== The records ==
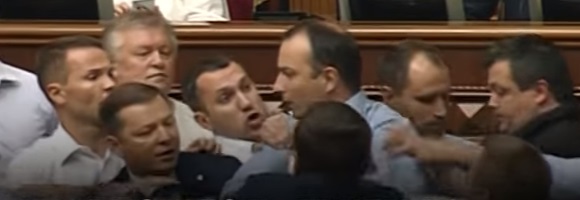 Не поделили микрофон: появились кадры потасовки между Ляшко и Соболевым возле парламентской трибуны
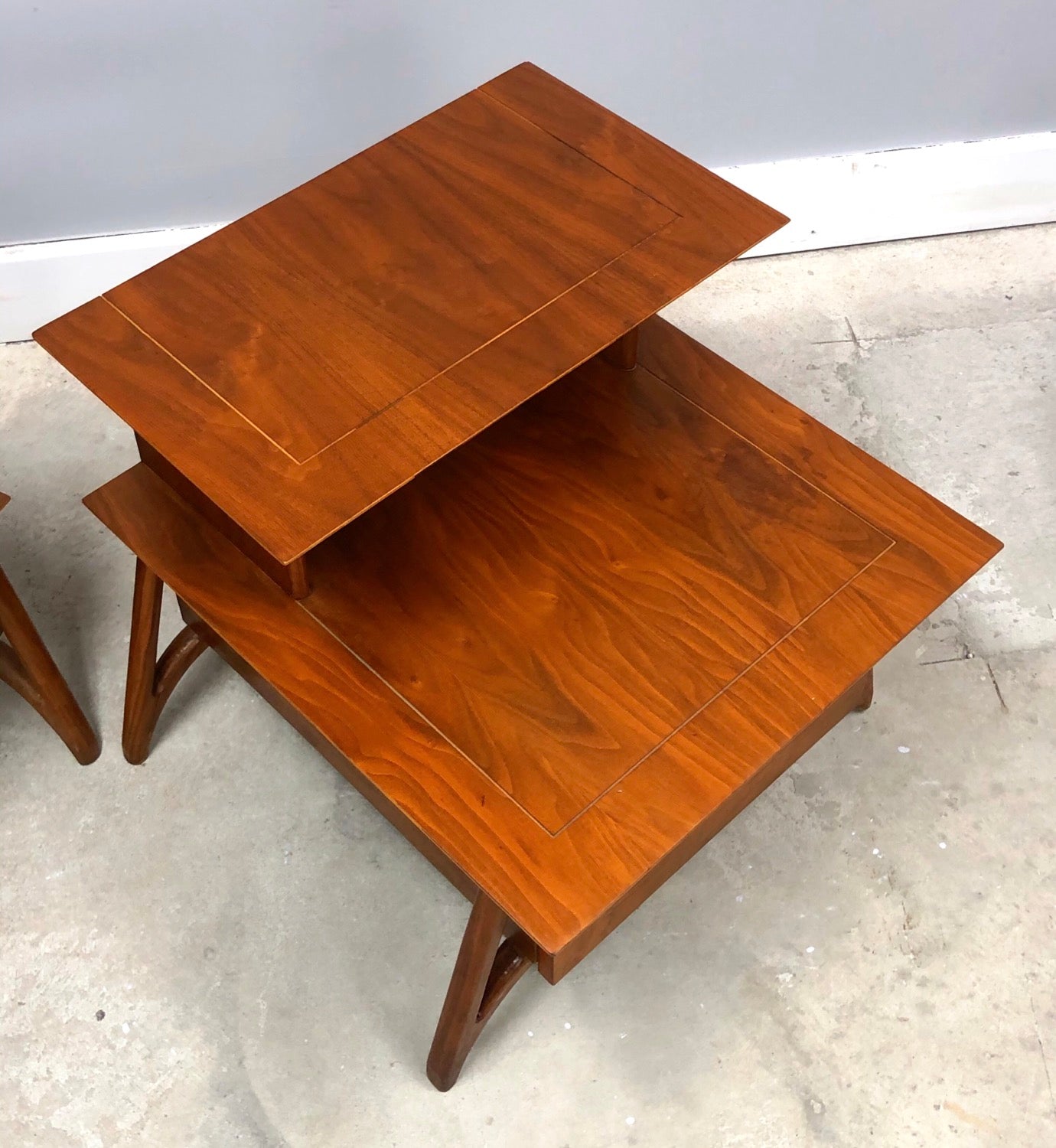 MCM Pair Of Walnut Two Tier Nightstands On Sculpted Legs image 5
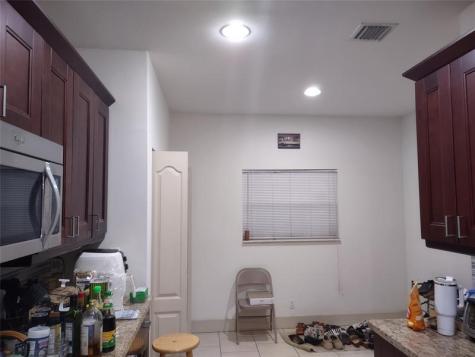 4819 SW 21st Street West Park FL 33023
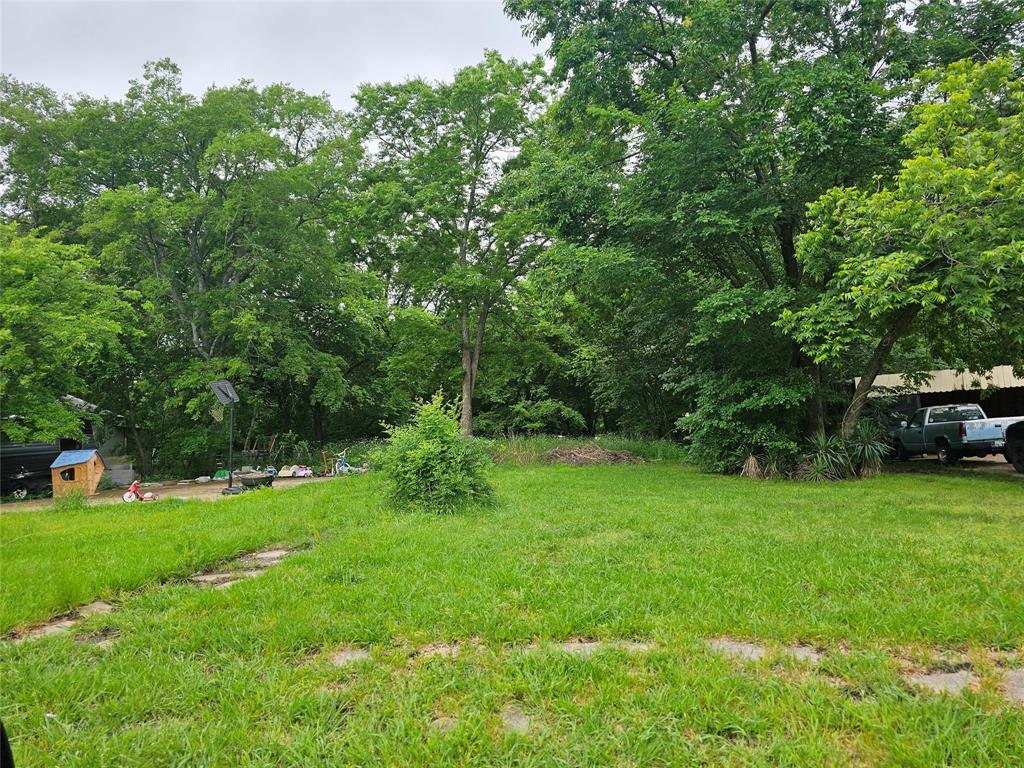 1050 1st Street Property Photo 2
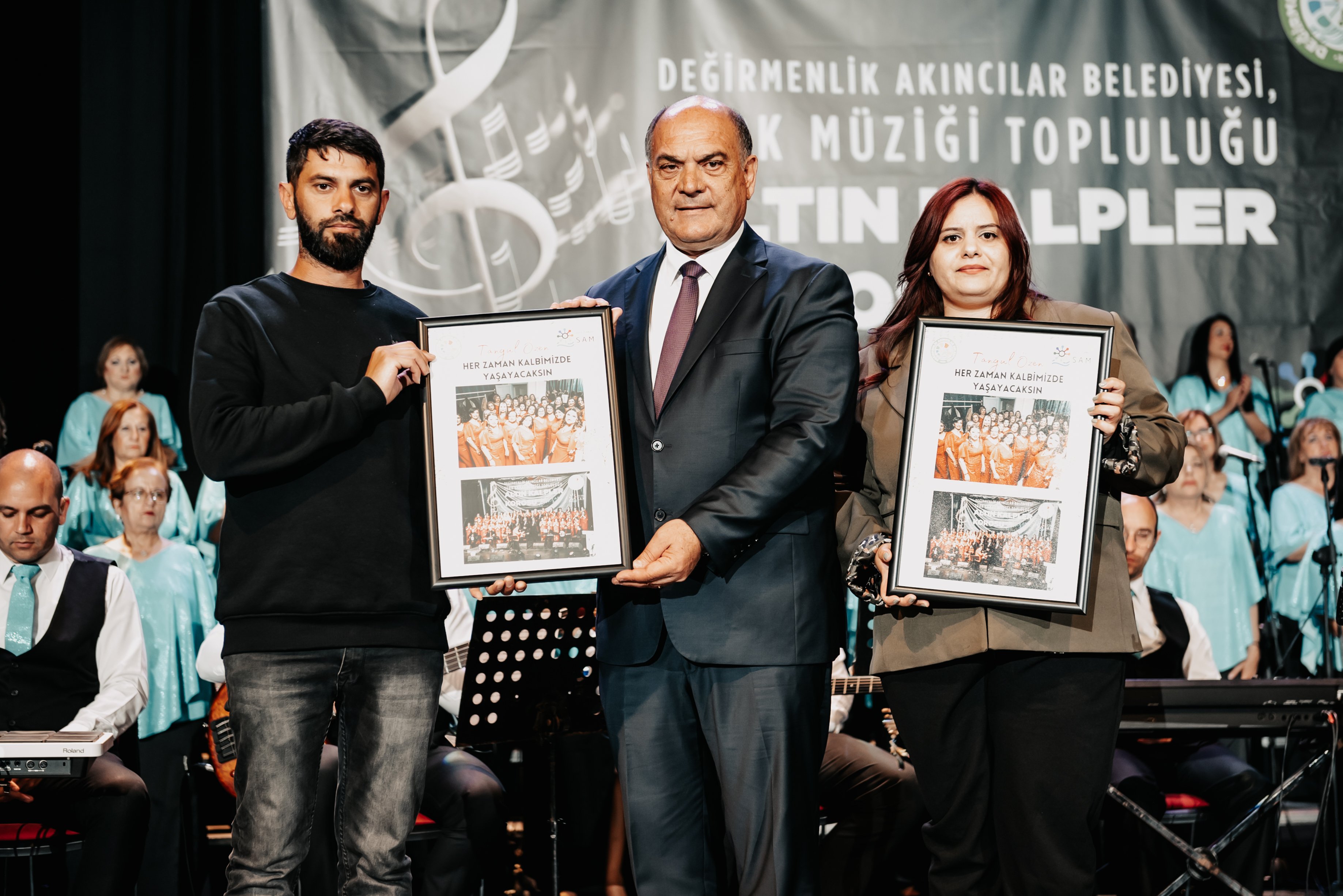 Altin Kalpler Korosu Konser (17)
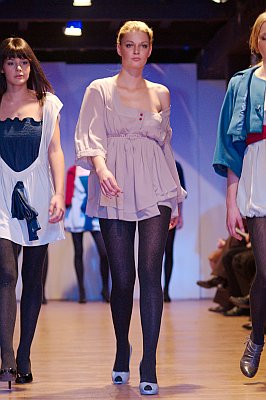 pokaz mody: Jemima Johnstone: sukienka z podwyższonym stanem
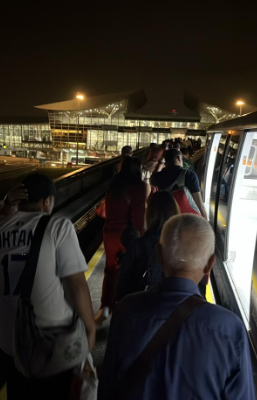 Individuals were walking in the dark as the aerotrain was disrupted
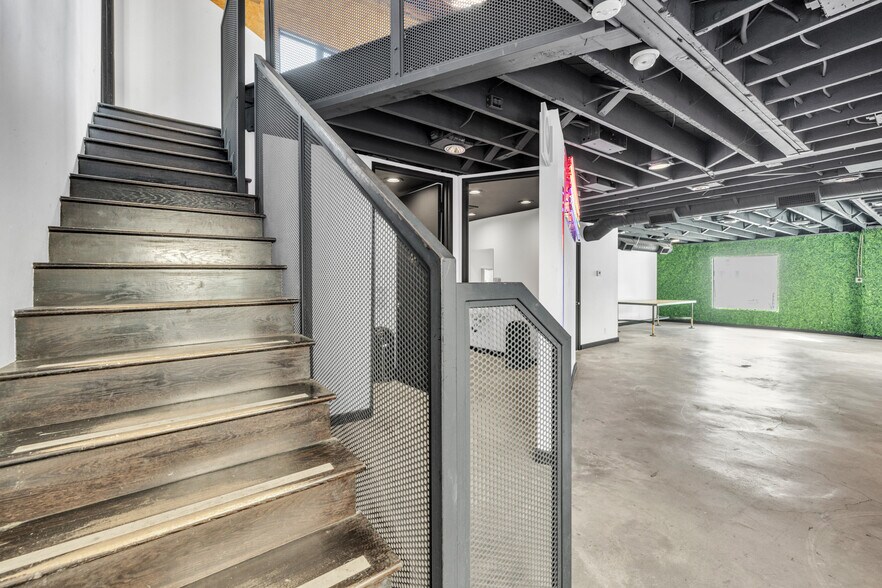 More Photos Of 5008 Venice Blvd, Los Angeles Loft Creative Space For Lease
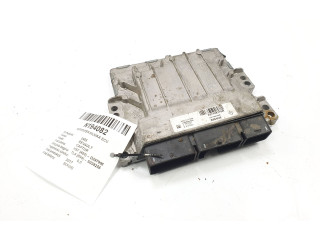 Řídící jednotka 237108770R Renault Captur 2017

== Exercise details ==
Exactly the lines from the one containing "pokaz mody: Jemima" to the end of the records above, both end lines included, are to be printed, and no pictures with them.

== Response area ==
 pokaz mody: Jemima Johnstone: sukienka z podwyższonym stanem
 Individuals were walking in the dark as the aerotrain was disrupted
 More Photos Of 5008 Venice Blvd, Los Angeles Loft Creative Space For Lease
 Řídící jednotka 237108770R Renault Captur 2017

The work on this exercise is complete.